▶ [What you should do]: Copy the lines below exactly, starting at the one with "Welcome back. In" and ending at the one with "To test Python, type", and leave out any picture.

▶ [Items listed in a dataset]:
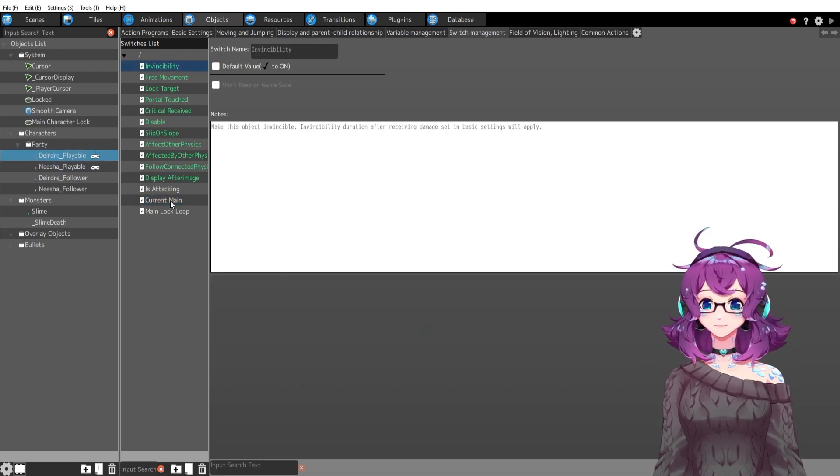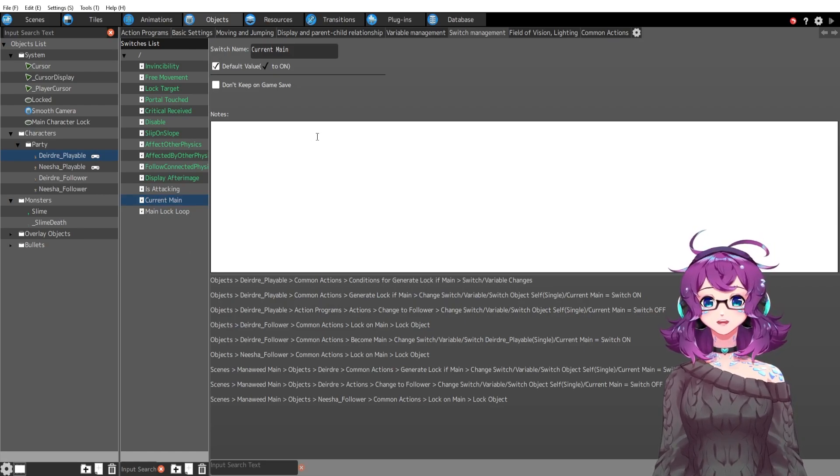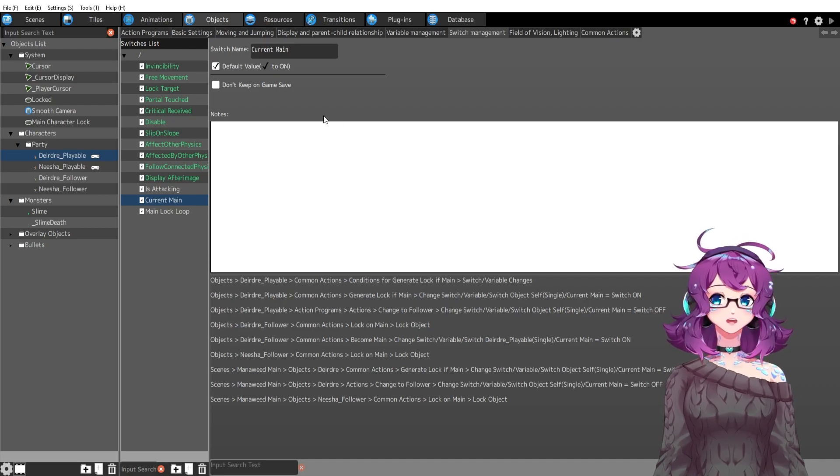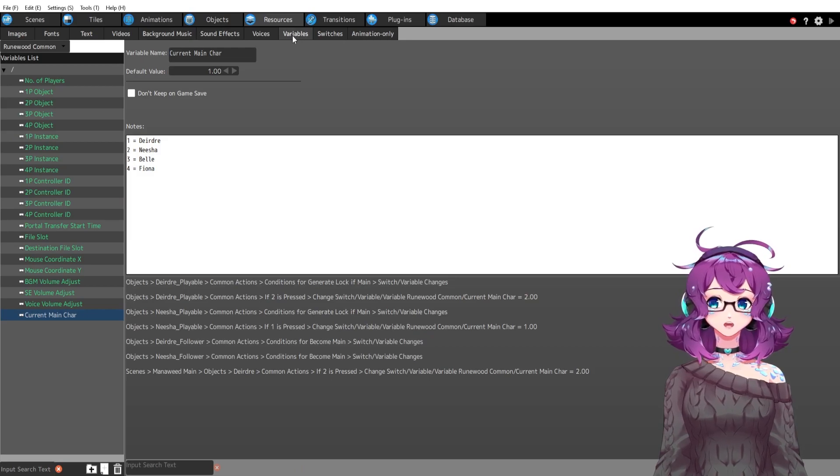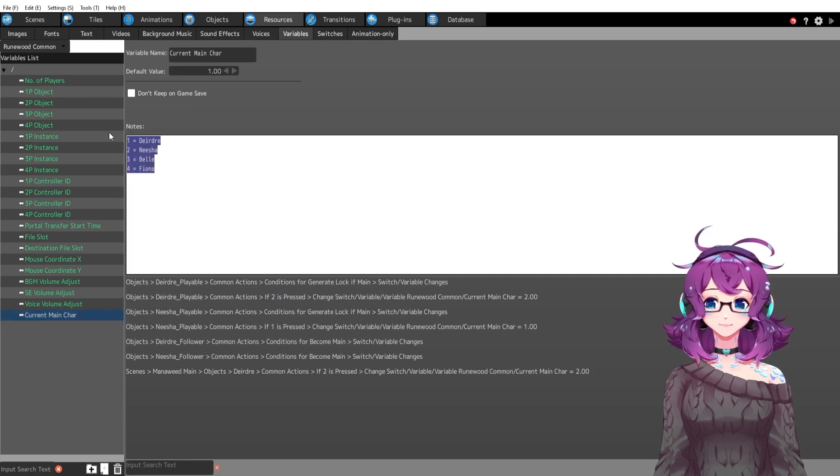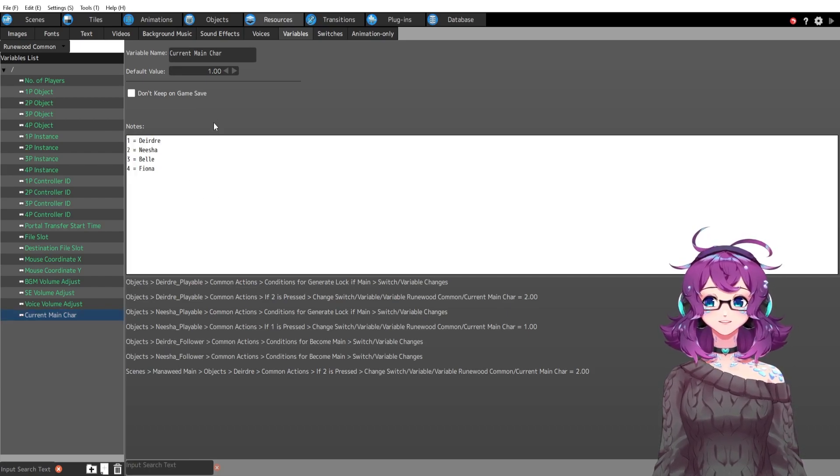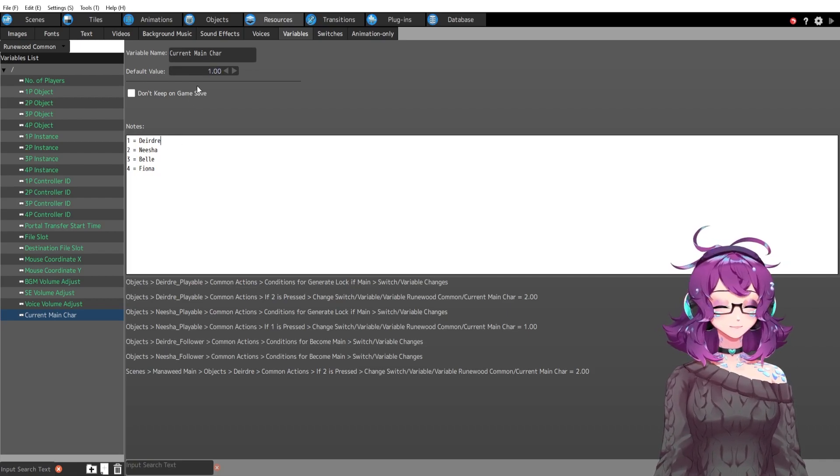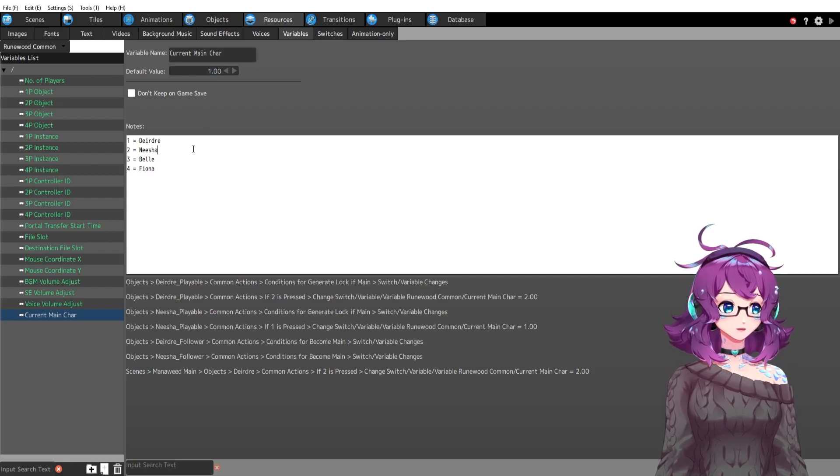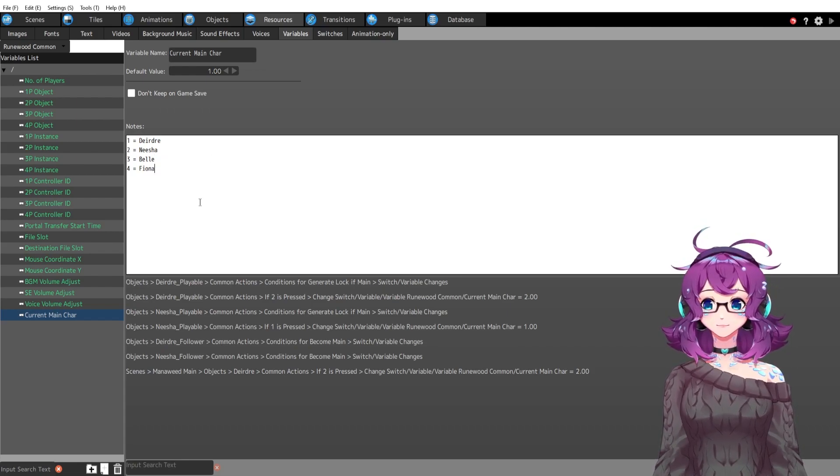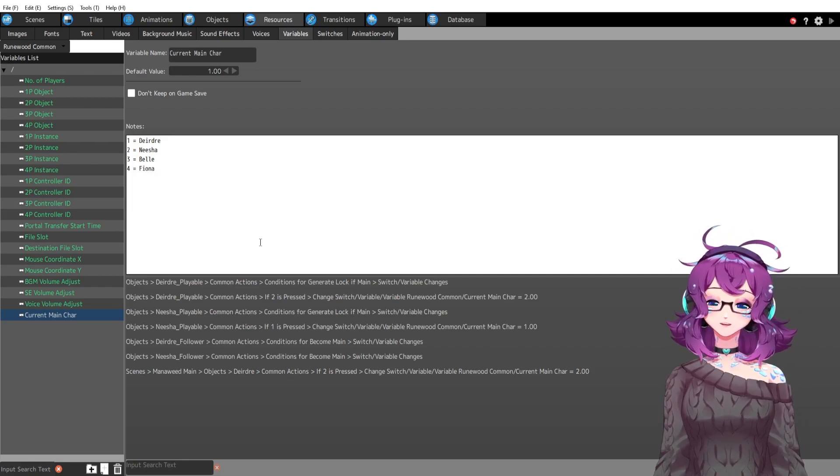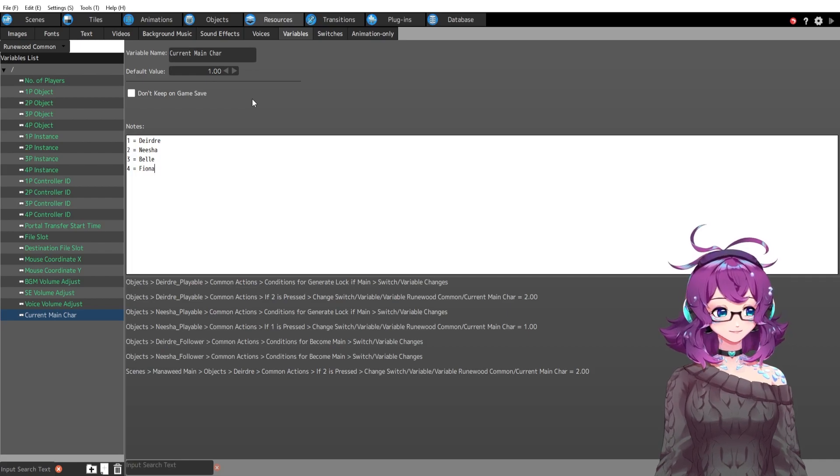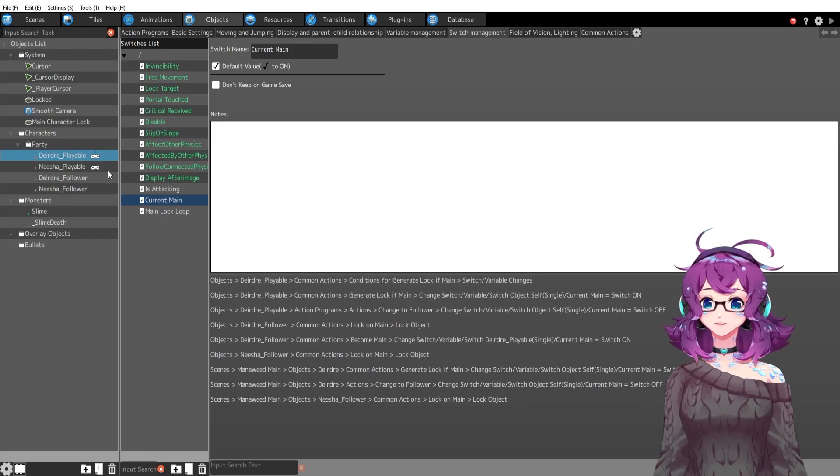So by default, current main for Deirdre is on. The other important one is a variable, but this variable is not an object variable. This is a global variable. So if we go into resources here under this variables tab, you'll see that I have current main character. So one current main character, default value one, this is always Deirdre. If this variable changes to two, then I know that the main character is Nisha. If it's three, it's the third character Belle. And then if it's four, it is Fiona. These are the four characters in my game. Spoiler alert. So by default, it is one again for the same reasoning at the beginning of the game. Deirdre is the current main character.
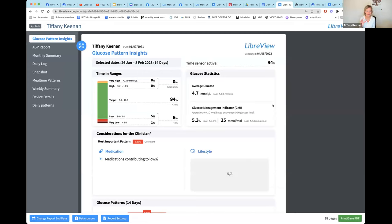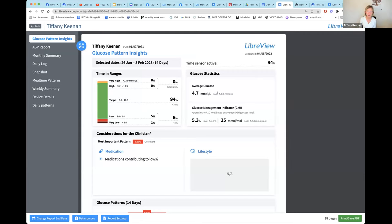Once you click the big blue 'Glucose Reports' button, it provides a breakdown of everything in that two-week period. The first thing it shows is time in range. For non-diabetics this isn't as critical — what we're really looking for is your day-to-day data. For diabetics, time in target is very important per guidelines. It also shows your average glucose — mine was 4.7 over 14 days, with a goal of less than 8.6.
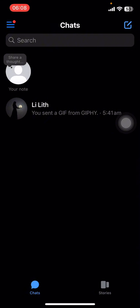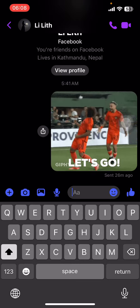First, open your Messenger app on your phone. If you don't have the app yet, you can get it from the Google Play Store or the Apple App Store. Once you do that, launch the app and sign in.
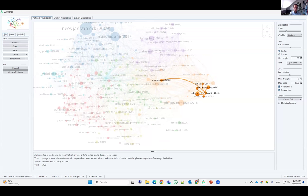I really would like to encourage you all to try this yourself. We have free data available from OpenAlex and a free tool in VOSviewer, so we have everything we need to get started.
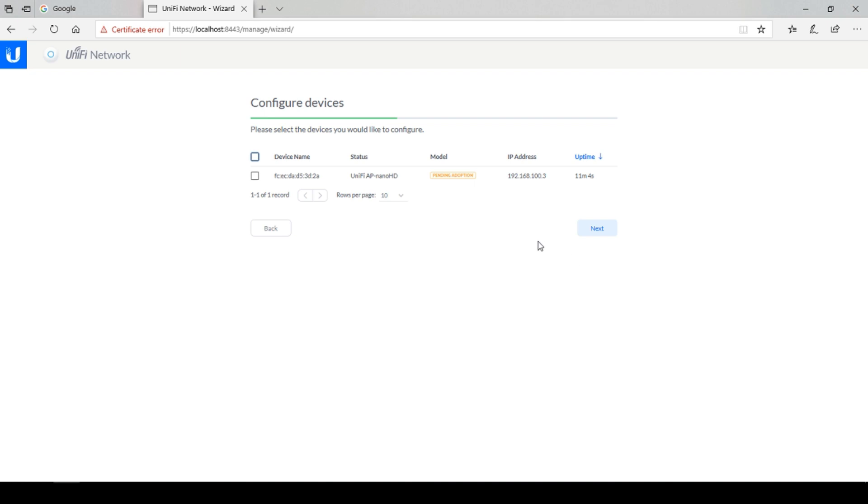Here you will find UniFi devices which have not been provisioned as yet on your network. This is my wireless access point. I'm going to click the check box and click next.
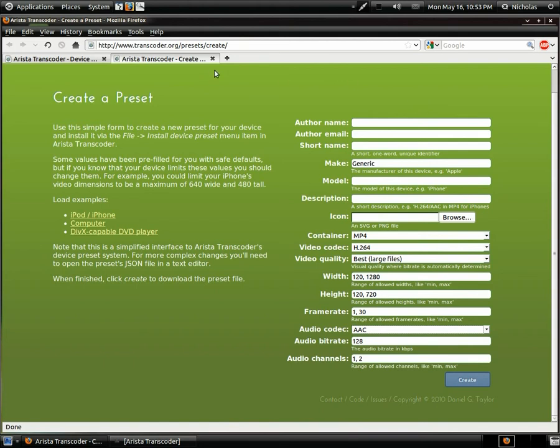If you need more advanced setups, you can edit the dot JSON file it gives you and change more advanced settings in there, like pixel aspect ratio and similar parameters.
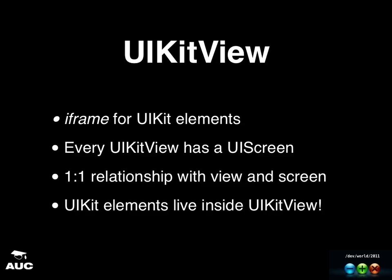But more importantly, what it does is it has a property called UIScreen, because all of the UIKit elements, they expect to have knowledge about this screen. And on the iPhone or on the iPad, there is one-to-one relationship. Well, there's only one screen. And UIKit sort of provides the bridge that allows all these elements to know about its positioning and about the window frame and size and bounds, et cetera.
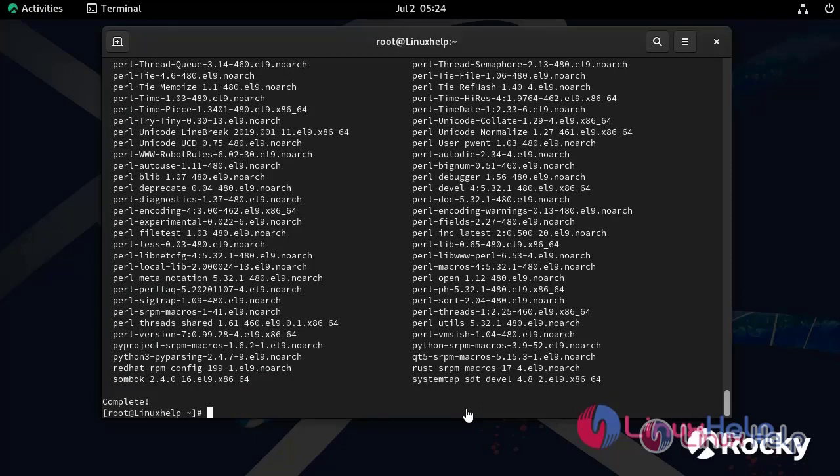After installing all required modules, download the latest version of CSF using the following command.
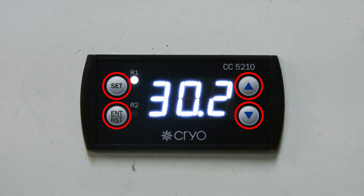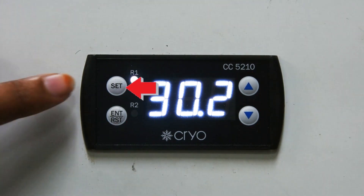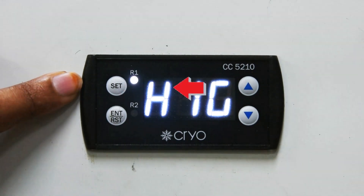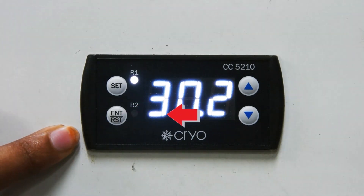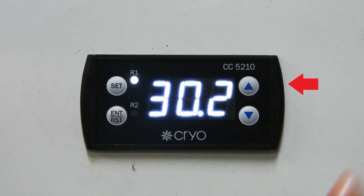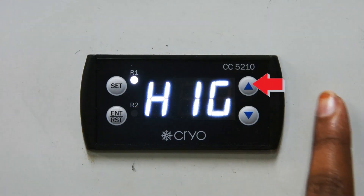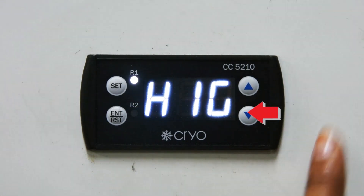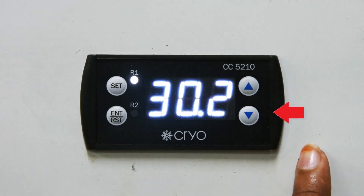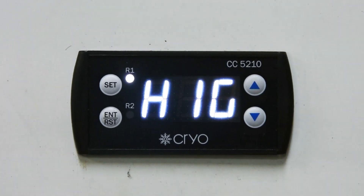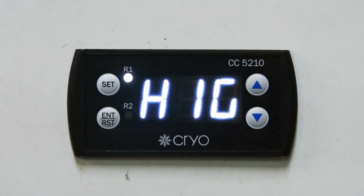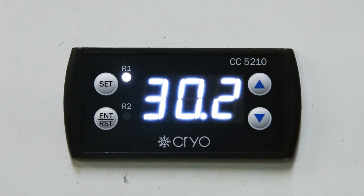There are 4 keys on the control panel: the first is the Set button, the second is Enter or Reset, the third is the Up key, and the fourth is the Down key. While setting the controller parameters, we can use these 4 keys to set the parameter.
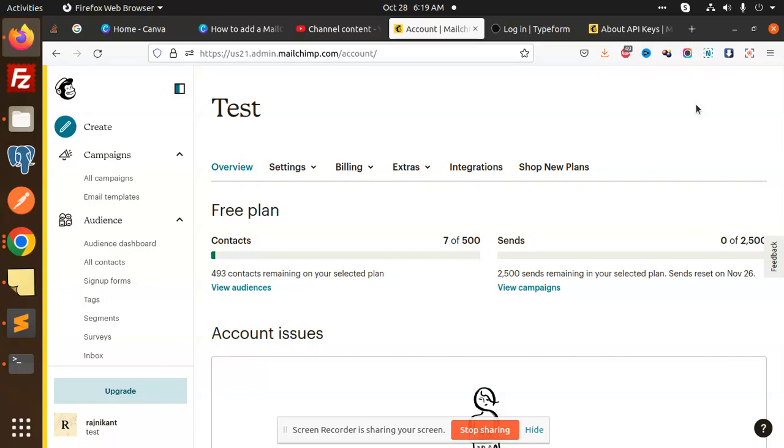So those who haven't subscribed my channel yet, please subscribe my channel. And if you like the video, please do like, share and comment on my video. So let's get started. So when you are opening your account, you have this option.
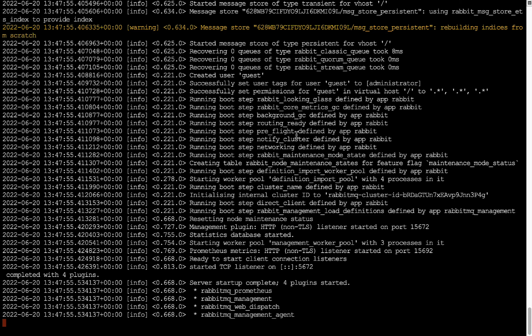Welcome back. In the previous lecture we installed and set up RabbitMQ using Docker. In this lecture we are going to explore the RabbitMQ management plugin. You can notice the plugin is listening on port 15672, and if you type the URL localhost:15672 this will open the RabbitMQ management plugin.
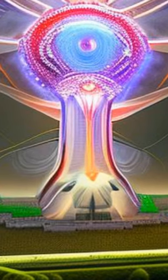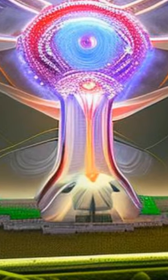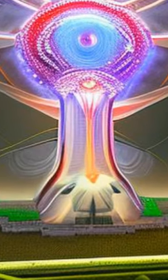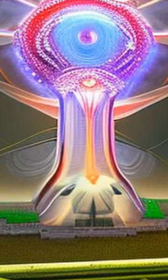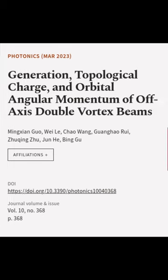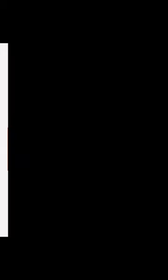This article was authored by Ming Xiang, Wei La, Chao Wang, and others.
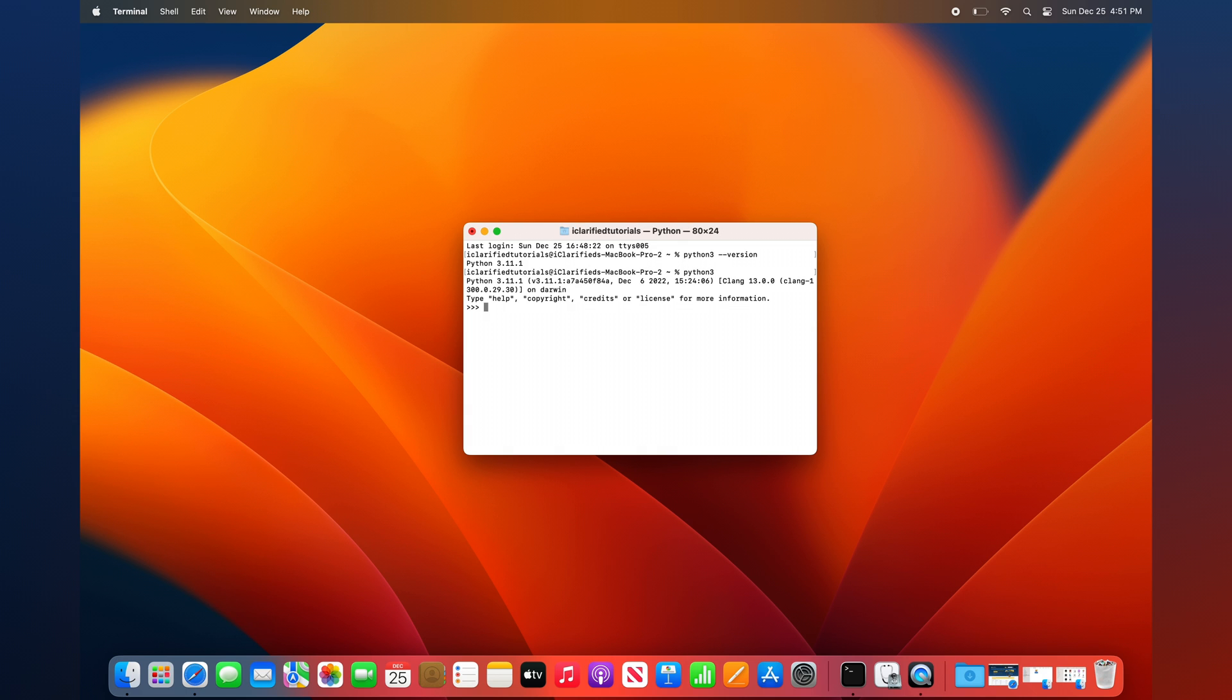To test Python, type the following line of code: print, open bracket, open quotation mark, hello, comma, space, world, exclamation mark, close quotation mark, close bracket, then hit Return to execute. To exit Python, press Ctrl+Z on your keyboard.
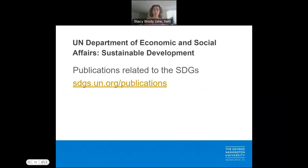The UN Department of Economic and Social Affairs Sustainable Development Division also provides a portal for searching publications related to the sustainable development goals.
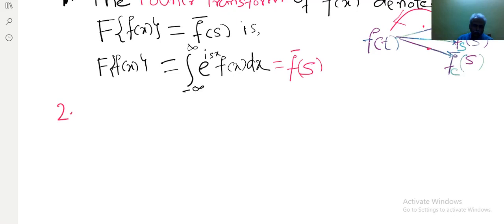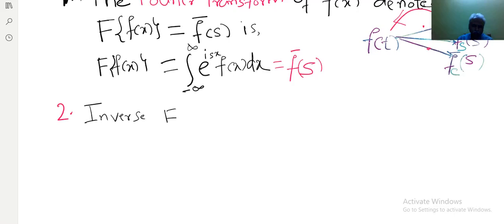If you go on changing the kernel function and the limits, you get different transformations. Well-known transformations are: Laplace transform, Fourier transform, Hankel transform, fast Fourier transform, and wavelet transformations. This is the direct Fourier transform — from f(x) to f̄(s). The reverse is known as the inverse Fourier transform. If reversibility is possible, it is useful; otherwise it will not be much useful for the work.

▶ [Expected output]:
Welcome back. In the previous lecture we installed and set up RabbitMQ using Docker. In this lecture we are going to explore the RabbitMQ management plugin. You can notice the plugin is listening on port 15672, and if you type the URL localhost:15672 this will open the RabbitMQ management plugin.
This article was authored by Ming Xiang, Wei La, Chao Wang, and others.
To test Python, type the following line of code: print, open bracket, open quotation mark, hello, comma, space, world, exclamation mark, close quotation mark, close bracket, then hit Return to execute. To exit Python, press Ctrl+Z on your keyboard.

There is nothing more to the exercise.